In the prayer that followed the minister seemed as though he were talking with dear familiarity to One whom he knew well. The young man, listening, marveled that any dared come so near, and found himself longing for such assurance and comradeship.

They took the casket out to a quiet place beyond the city, where the little body might rest until the sister wished to take it away.

As they stood upon that bleak hillside, dotted over with white tombstones, the looming city in the distance off at the right, Courtland recognized the group of spreading buildings that belonged to-his university. He marveled at the closeness of life and death in this world. Out there the busy city, everybody tired and hustling to get, to learn, to enjoy; out here everybody lying quiet, like the corn of wheat in the ground, waiting for the resurrection time, the call of God to come forth in beauty! What a difference it would make in the working, and getting, and hustling, and learning, and enjoying if everybody remembered how near the lying-quiet time might be! How unready some might be to lie down and feel that it was all over! How much difference it must make what one had done with the time over there in the city, when the stopping time came! How much better it would be if one could live remembering the Presence, always being aware of its nearness! To live Christ! What would that mean? Was he ready to surrender a thought like that?

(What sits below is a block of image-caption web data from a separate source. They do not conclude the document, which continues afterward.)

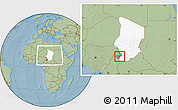 Savanna Style Location Map of Gounou, highlighted country, highlighted parent region, within the entire country, hill shading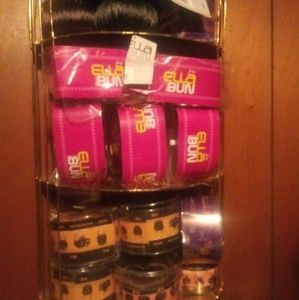 Hair buns some braided around edges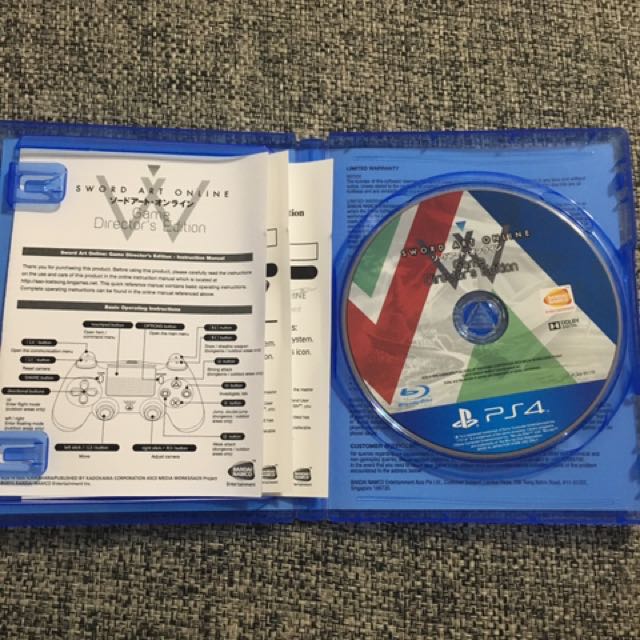 Sword Art Online Game Director's edition PS4, Video Gaming, Video Games
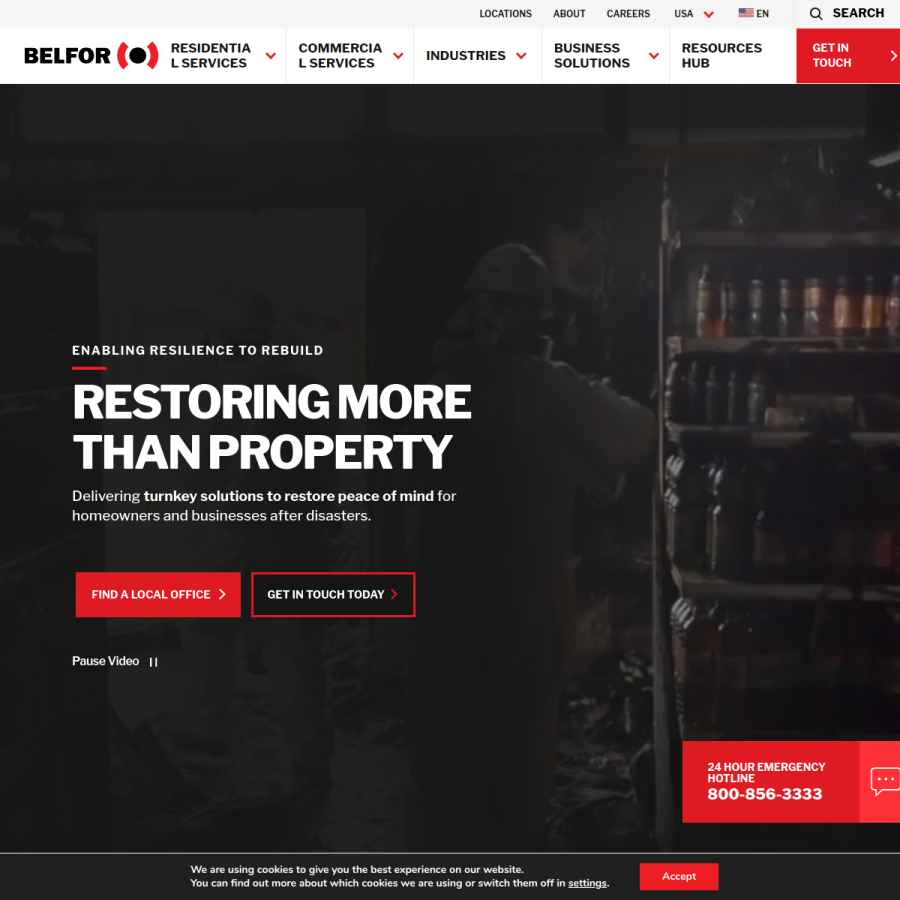 belfor.com homepage screenshot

The minister, it appeared, had a very urgent call in another direction. He must take a trolley that passed the gate of the cemetery and go off at once. It fell to Courtland to look after the girl, for the doctor had not been able to leave his practice to take the long ride to the cemetery. She, it seemed, did not hear what they said, nor care who went with her.

Courtland led her to the carriage and put her in. "I suppose you will want to go directly back to the house?" he said.

She turned to him as if she were coming out of a trance. She caught her breath and gave him one wild, beseeching look, crying out with something like a sob: "Oh, how can I ever go back to that room now?" And then her breath seemed suddenly to leave her and she fell back against the seat as if she were lifeless.

He sprang in beside her, took her in his arms, resting her head against his shoulder, loosened her coat about her throat, and chafed her cold hands, drawing the robes closely about her slender shoulders, but she lay there white and without a sign, of life. He thought he never had seen anything so ghastly white as her face.

The driver came around and offered a bottle of brandy. They forced a few drops between her teeth, and after a moment there came a faint flutter of her eyelids. She came to herself for just an instant, looked about her, realized her sorrow once more, and dropped off into oblivion again.

"She's in a bad way!" murmured the driver, looking worried. "I guess we'd better get her somewheres. I don't want to have no responsibility. My chief's gone back to the city, and the other man's gone across the to West Side. I reckon we'd better go on and stop at some hospital if she don't come to pretty soon."

The driver vanished and the carriage started at a rapid pace. Courtland sat supporting his silent charge in growing alarm, alternately chafing her hands and trying to force more brandy between her set lips. He was relieved when at last the carriage stopped again and he recognized the stone buildings of one of the city's great hospitals.